Midnight on Television

There’s nothing like comparing youthful memories of television with some young 30-something whipper-snapper to remind me exactly how old I am.

I recently discovered that some of my co-workers didn’t realize that tv stations used to play the Star-Spangled Banner every night at midnight. Why would they do that? That’s silly.

These kids grew up with mtv and fifty 24-hour cable channels. Now they have 200 satellite channels but they hardly ever watch any of them live because they TiVO everything. In other words, they have no idea what it was like to watch television in the 1960s.

Forgive me for a few minutes while I address such uninformed citizens and teach them about television at its finest.

When I was growing up, we could receive three television stations. Just three. One for each network. Yes, there were only three networks back then: cbs, nbc, and abc. That is, if you could really consider abc a network.

The evening news came on at 10:00. For the next half-hour, we were treated to a summary of the entire day’s world news in the first 10 minutes. Then there was a smattering of local news. After a commercial, we learned about what the weather was going to be tomorrow. Then 10 minutes of sports, which usually meant finding out whether the Cardinals won or lost that day.
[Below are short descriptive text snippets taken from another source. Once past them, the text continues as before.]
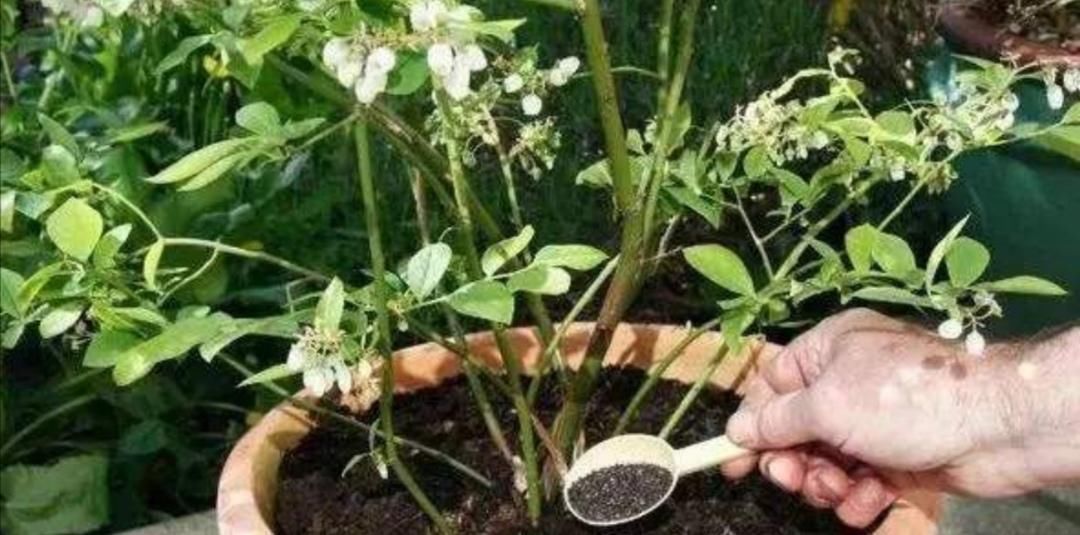 钾元素|用草木灰养花,有这么多好处,但是这类花卉可不能用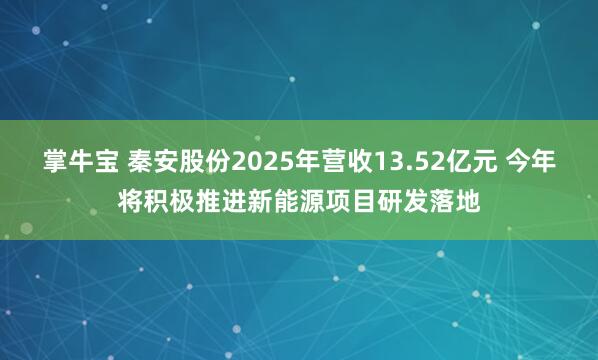 掌牛宝 秦安股份2025年营收13.52亿元 今年将积极推进新能源项目研发落地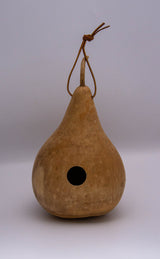 Gourd Birdhouse, Unfinished, Craft Ready, Box of 3 Gourdaments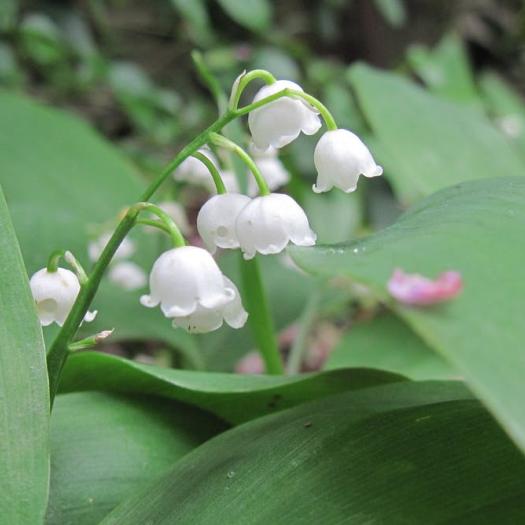 Brin de muguet 
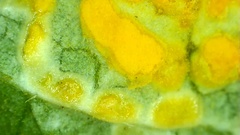 Melampsora rostrupii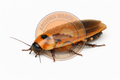 Orange head Roach
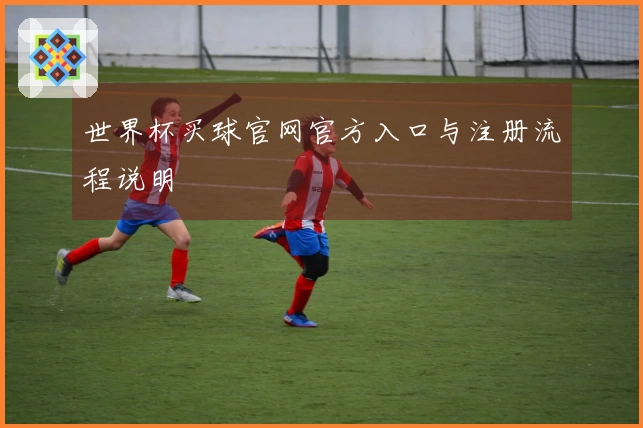 世界杯买球官网官方入口与注册流程说明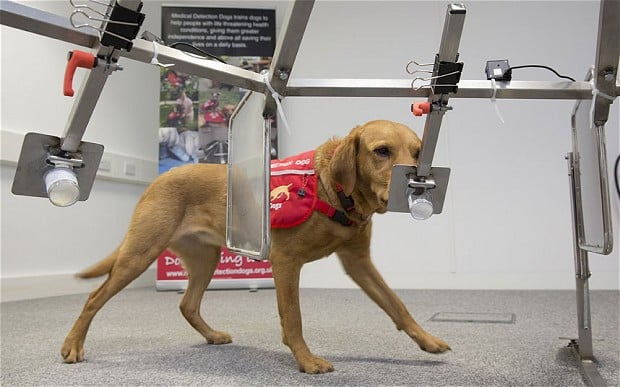Los perros pueden oler el cáncer
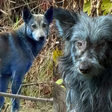 Mutação, Tinta ou IA? O mistério dos cães de pelo azul encontrados em Chernobyl intriga a ciência e ONGs de resgate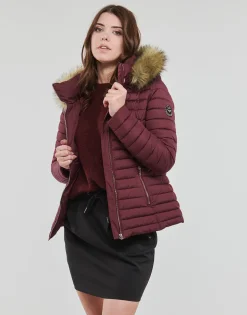 Les Petites Bombes - ALIMA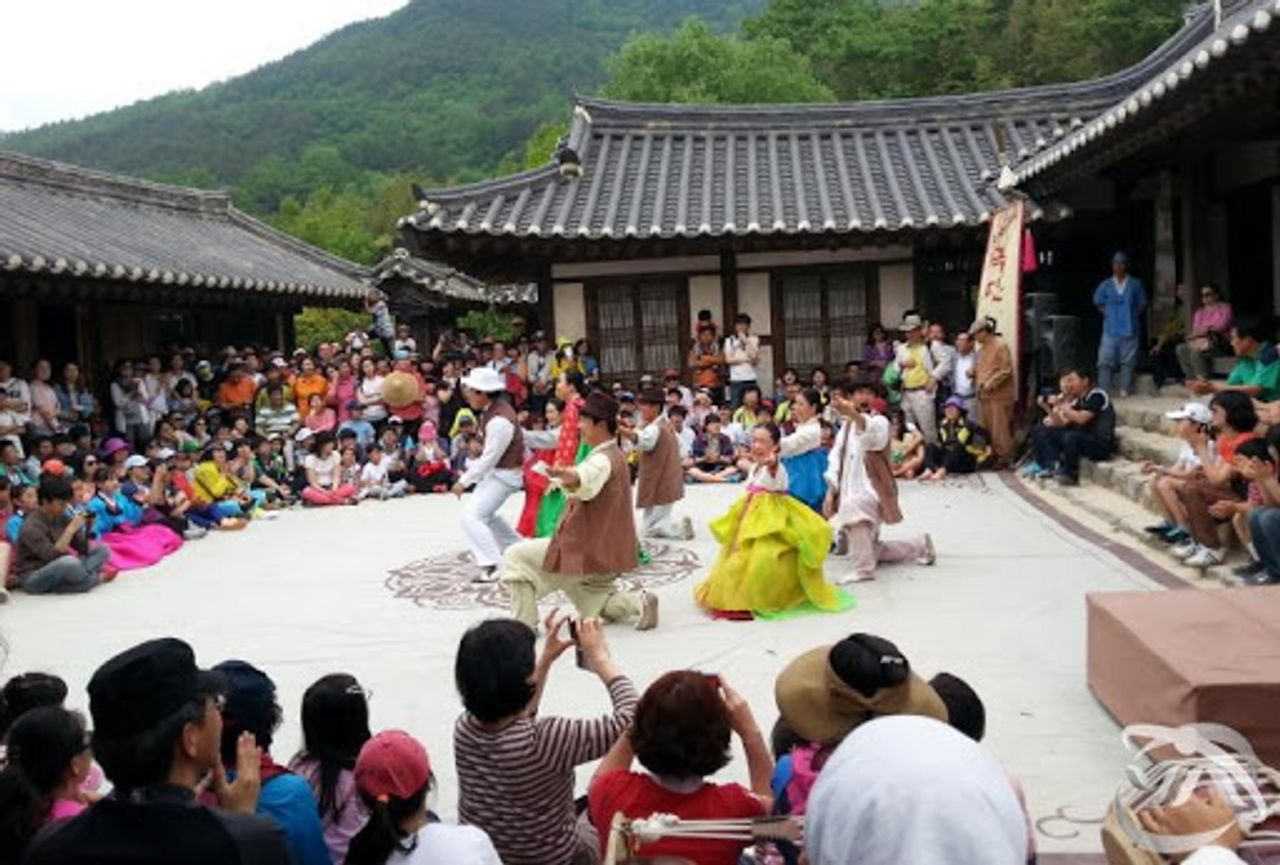 韓国お花見、プサンお花見、桜の名所、一日ツアー、ハドン旅行、お花見ツアー、プサン桜、プサン旅行、ハドン桜ツアー、絶景、十里桜並木、花開市場、韓国伝統市場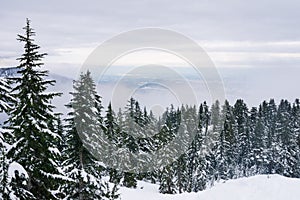 View over the mountains snow covered, snowshoeing adventure in canada vancouver
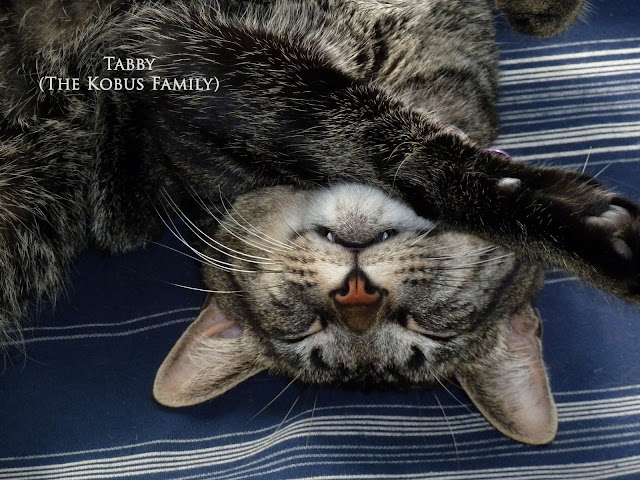 Tabby colored cat sleeping and smiling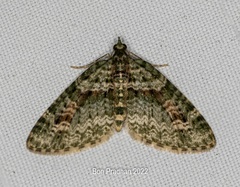 Chloroclystis rubroviridis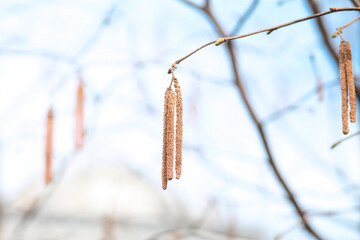 birch catkins in winter
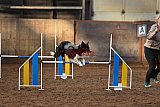 wedstrijd agility friends zaterdag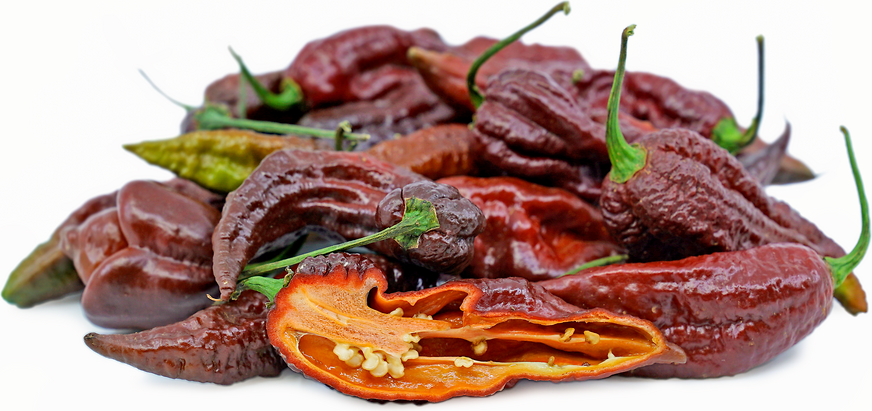 Bhut Chile Pepper picture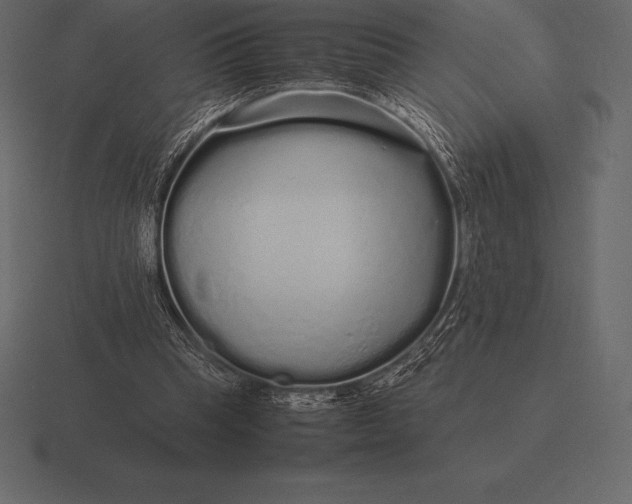 X0000116560345200912241619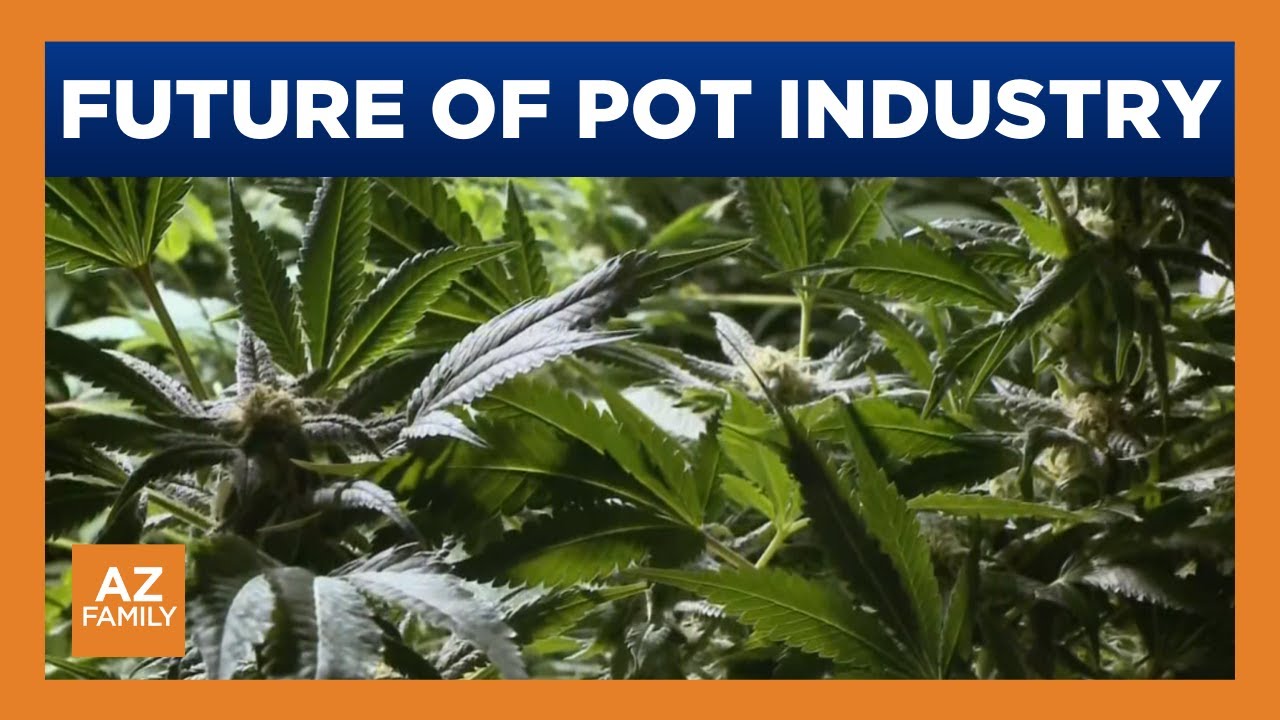 Arizona dispensary reacts to possible reclassification of marijuana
What happened after that depended on what channel you were watching. If it was the nbc channel, you saw an hour and a half of The Tonight Show Starring Johnny Carson. If you were watching the cbs channel, it may have been an old movie or some rerun or something. Nobody knows what you watched if you were watching the abc channel, and nobody cared.

That means that all the stations ran out of programming somewhere around midnight. They were done for the day. Some sleepy engineer hung around to make sure the transmitter was still humming. But the news crew had all gone home by then and all the front office guys had left a long time ago.

So when the last minute of programming was done, it was somebody’s job at the tv station to play the Star-Spangled Banner. It was usually a tape of a choir singing — Mormon Tabernacle-style. Or it may have actually been the Mormon Tabernacle Choir. I dunno. Or it may have been a military band. Whatever. And it was usually accompanied by a film of a waving American flag.

And then there was an awkward silence. A test pattern may have come on for a few minutes. And then a pop. And then snow.

Then the engineer turned out the lights, locked the door, and went home. About six hours later, the day shift engineer would show up to broadcast the morning farm reports. On nbc stations, that was followed by The Today Show. On cbs stations, it was followed by Captain Kangaroo. Nobody knows what was on the abc stations because nobody watched them.

What is “snow”, you ask? That’s what we called the electronic blizzard that filled the screen accompanied with white noise. I know most of you people under 40 have never seen static on a tv screen. Well, that’s the stuff you get when you send a tv signal over the airwaves and it bounces off of the local water tower and you get a ghost image and...

No, no, tv doesn’t have to come over a cable. You could actually get a tv signal from the atmosphere. I mean without a dish. It didn’t come from outer space; it came from a tall, skinny tower that is usually visible from the interstate. But you needed an antenna as large as your kitchen table which looked like a bunch of coat-hangers that fell out of the sky into a symmetrical triangular pattern.

This is all very confusing for you, isn’t it?

Wait until I tell you about the days when CDs were twelve-inches wide. And black.

1 comment:

Anonymous said...

I loved the channel that signed off with the poem about flying that ended with the line about "touching the face of God", gave me goose bumps!